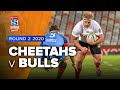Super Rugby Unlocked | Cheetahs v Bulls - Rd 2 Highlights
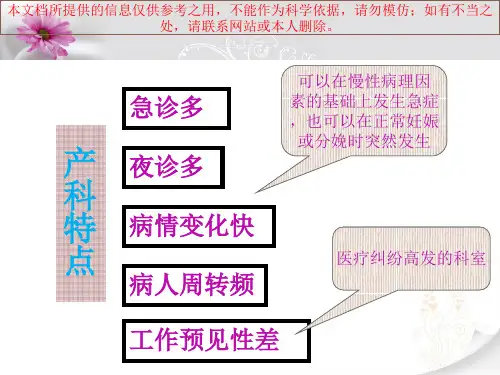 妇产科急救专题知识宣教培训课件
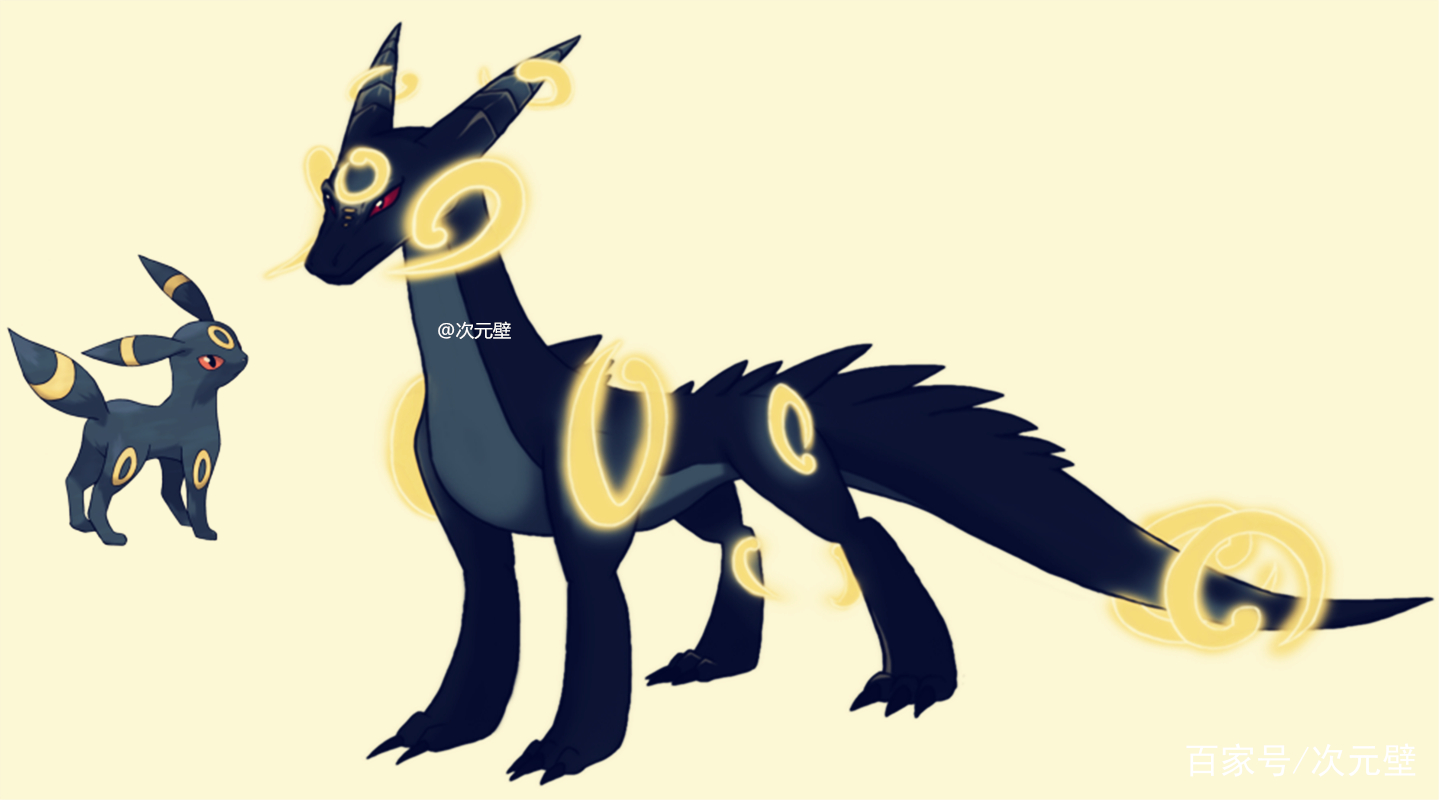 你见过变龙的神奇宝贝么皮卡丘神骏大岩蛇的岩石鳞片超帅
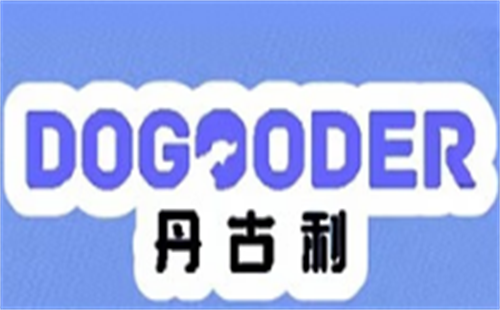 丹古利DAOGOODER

### Task
Repeat the material verbatim. Do not carry over any picture.

### Exercise solution
Super Rugby Unlocked | Cheetahs v Bulls - Rd 2 Highlights
 妇产科急救专题知识宣教培训课件
 你见过变龙的神奇宝贝么皮卡丘神骏大岩蛇的岩石鳞片超帅
 丹古利DAOGOODER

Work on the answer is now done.